Premise: Carolyn's brother disappeared ten years ago when he walked out of his college apartment and was never seen again. He calls once a year, on Mother's Day, to let his family know that he's okay. This year, Carolyn has decided that she must find him. The case quickly becomes entwined with the disappearance of Carolyn's young neighbor, and Carolyn must delve into the past and present lives of everyone who knew her brother to figure out what's going on.
Thoughts: The reason this is a Quick Take rather than a review is because I didn't finish it. It was due back at the library today, and at about 12:30 last night I had 100 or so pages left and just wasn't enjoying it, so I gave up and just read the last few chapters. I will only review books that I've read in their entirety, but I may do Quick Takes on things I don't finish. But don't worry - I'll always tell you if I haven't read the whole thing.
I was really into Mary Higgins Clark for a while in my early teens, and then hadn't read her for years. I tried her 2007 novel, I Heard That Song Before, and thought it was a fun read, although nothing great, so I went ahead and started this one. I thought the plot of Where Are You Now? was fine. It wasn't anything particularly earth-shaking or memorable, but it was a decent suspense plot with perhaps a few too many characters.

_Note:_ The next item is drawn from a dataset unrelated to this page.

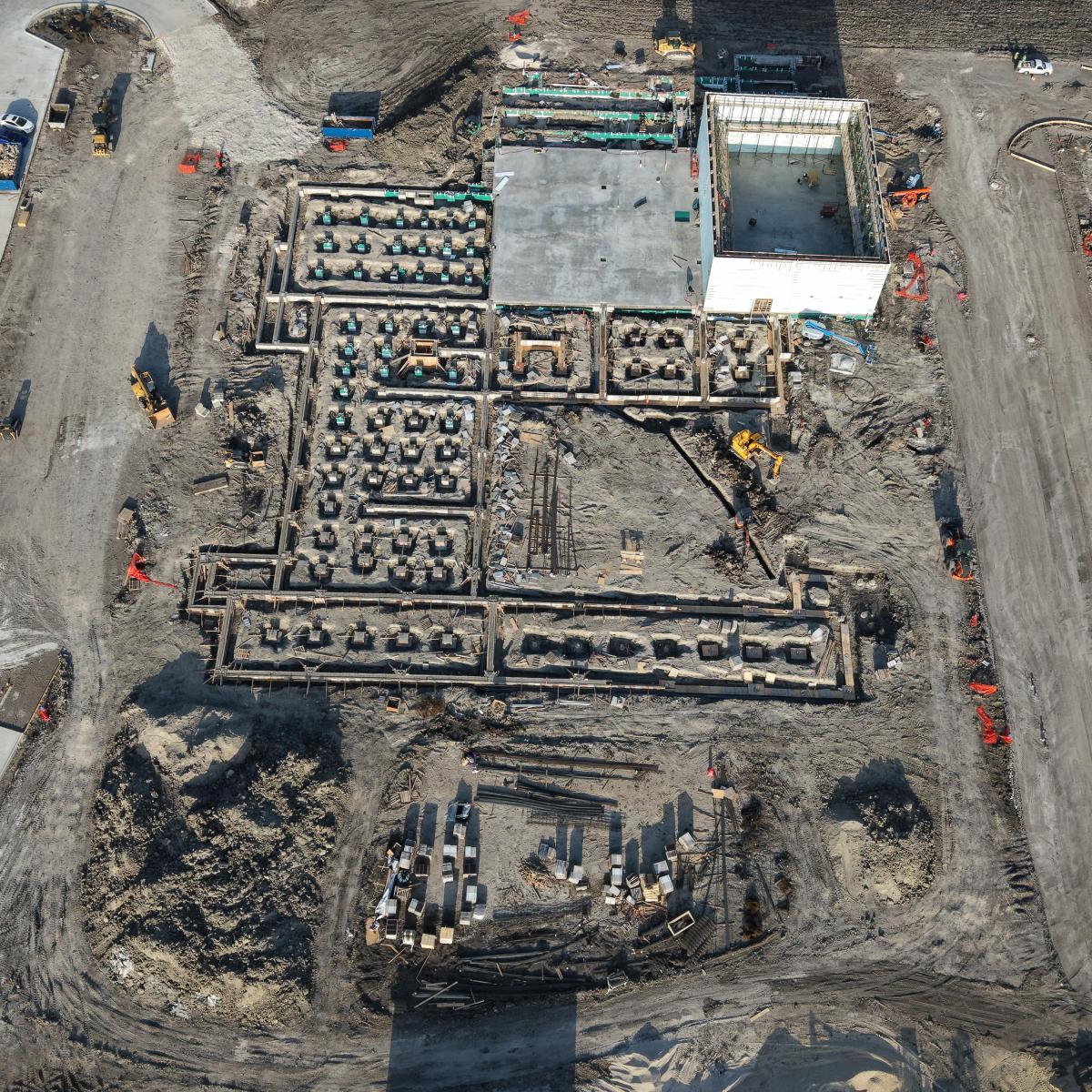 https://thedroningcompany.com/images/1489/gallery/droning-company-1778013168.jpeg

The real problem I had with the book was the writing. Honestly, I'm not sure whether Clark's writing has deteriorated or whether my standards were lower ten years ago. Maybe it's a little of both. The grammar was okay, thank goodness, but the writing style reminded me of one of those old-fashioned, very didactic children's books in which everything everyone's thinking - and how the reader is supposed to feel about it - is carefully spelled out. The dialogue seemed completely unrealistic, and the interior monologues of the characters were just not written the way that real people think. The language was very formal and it was all about telling rather than showing. A few examples from the first chapter:
"First, I must find a way to track my brother down. What happened to him? Why did he disappear? There was no sign of foul play."

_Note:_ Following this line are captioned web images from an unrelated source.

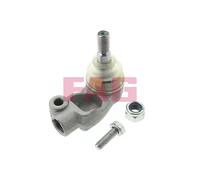 Schaeffler FAG 840 1192 10 Testa barra d'accoppiamento per CHEVROLET,DAEWOO,OPEL
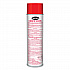 Crazy Clean All Purpose Cleaner, Floral Scent, 19 oz Aerosol Spray, Dozen (031)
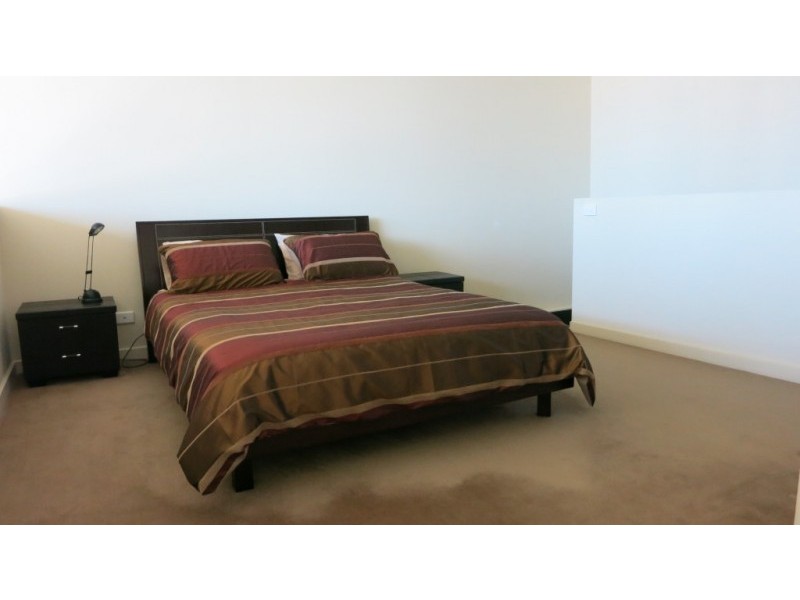 2407/60 Market Street, Melbourne VIC 3000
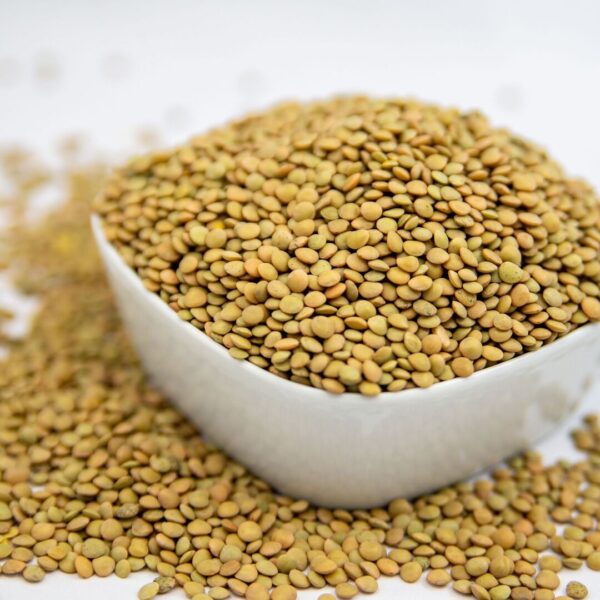 Despensa Colombiana | Lentils 5lbs - Image 3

"When we were growing up, Mack was my best friend, my confidant, my pal. Half my girlfriends had a crush on him. He was the perfect son, the perfect brother, handsome, kind, funny, an excellent student. How do I feel about him now? I don't know anymore."
The character is clearly talking to the reader rather than actually thinking. I know this happens to some extent in all first person writing, but it was extremely exaggerated here - and the chapters that were in the third person had the same issue. This really kept me from getting into what could have been a quick, fun read.